- **Task to complete**: Every entry is to be returned verbatim.

- **Supplied entries**:
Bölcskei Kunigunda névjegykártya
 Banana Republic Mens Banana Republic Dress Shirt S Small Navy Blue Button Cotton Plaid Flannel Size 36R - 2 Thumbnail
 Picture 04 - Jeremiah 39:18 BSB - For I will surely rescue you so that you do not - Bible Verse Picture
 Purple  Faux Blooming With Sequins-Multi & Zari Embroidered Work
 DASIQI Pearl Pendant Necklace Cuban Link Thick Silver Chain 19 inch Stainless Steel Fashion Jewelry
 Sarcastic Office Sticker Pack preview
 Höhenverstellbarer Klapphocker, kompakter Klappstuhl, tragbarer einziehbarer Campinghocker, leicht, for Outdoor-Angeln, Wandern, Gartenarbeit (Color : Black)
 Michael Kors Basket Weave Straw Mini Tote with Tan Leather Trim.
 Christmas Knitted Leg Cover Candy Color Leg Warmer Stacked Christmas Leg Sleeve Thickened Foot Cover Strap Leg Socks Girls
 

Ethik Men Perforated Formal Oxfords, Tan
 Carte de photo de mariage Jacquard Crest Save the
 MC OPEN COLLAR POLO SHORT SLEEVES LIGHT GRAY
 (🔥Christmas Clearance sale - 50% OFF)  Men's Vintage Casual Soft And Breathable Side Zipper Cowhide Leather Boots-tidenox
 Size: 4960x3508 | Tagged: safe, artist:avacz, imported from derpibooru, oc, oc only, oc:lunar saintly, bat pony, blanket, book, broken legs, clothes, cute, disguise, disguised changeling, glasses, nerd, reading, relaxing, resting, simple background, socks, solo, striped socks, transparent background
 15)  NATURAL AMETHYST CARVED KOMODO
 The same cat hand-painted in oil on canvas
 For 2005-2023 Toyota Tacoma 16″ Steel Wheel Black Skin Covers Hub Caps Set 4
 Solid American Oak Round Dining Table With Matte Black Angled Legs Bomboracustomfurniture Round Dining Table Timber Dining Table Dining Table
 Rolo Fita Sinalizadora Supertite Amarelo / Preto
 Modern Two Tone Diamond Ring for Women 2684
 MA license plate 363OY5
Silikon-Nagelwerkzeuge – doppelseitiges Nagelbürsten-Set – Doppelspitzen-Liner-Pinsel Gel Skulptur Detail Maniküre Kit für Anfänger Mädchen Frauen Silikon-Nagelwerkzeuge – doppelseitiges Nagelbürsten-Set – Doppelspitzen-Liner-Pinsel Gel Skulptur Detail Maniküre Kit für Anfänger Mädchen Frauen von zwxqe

- **Completed exercise**:
Bölcskei Kunigunda névjegykártya
 Banana Republic Mens Banana Republic Dress Shirt S Small Navy Blue Button Cotton Plaid Flannel Size 36R - 2 Thumbnail
 Picture 04 - Jeremiah 39:18 BSB - For I will surely rescue you so that you do not - Bible Verse Picture
 Purple  Faux Blooming With Sequins-Multi & Zari Embroidered Work
 DASIQI Pearl Pendant Necklace Cuban Link Thick Silver Chain 19 inch Stainless Steel Fashion Jewelry
 Sarcastic Office Sticker Pack preview
 Höhenverstellbarer Klapphocker, kompakter Klappstuhl, tragbarer einziehbarer Campinghocker, leicht, for Outdoor-Angeln, Wandern, Gartenarbeit (Color : Black)
 Michael Kors Basket Weave Straw Mini Tote with Tan Leather Trim.
 Christmas Knitted Leg Cover Candy Color Leg Warmer Stacked Christmas Leg Sleeve Thickened Foot Cover Strap Leg Socks Girls
 

Ethik Men Perforated Formal Oxfords, Tan
 Carte de photo de mariage Jacquard Crest Save the
 MC OPEN COLLAR POLO SHORT SLEEVES LIGHT GRAY
 (🔥Christmas Clearance sale - 50% OFF)  Men's Vintage Casual Soft And Breathable Side Zipper Cowhide Leather Boots-tidenox
 Size: 4960x3508 | Tagged: safe, artist:avacz, imported from derpibooru, oc, oc only, oc:lunar saintly, bat pony, blanket, book, broken legs, clothes, cute, disguise, disguised changeling, glasses, nerd, reading, relaxing, resting, simple background, socks, solo, striped socks, transparent background
 15)  NATURAL AMETHYST CARVED KOMODO
 The same cat hand-painted in oil on canvas
 For 2005-2023 Toyota Tacoma 16″ Steel Wheel Black Skin Covers Hub Caps Set 4
 Solid American Oak Round Dining Table With Matte Black Angled Legs Bomboracustomfurniture Round Dining Table Timber Dining Table Dining Table
 Rolo Fita Sinalizadora Supertite Amarelo / Preto
 Modern Two Tone Diamond Ring for Women 2684
 MA license plate 363OY5
Silikon-Nagelwerkzeuge – doppelseitiges Nagelbürsten-Set – Doppelspitzen-Liner-Pinsel Gel Skulptur Detail Maniküre Kit für Anfänger Mädchen Frauen Silikon-Nagelwerkzeuge – doppelseitiges Nagelbürsten-Set – Doppelspitzen-Liner-Pinsel Gel Skulptur Detail Maniküre Kit für Anfänger Mädchen Frauen von zwxqe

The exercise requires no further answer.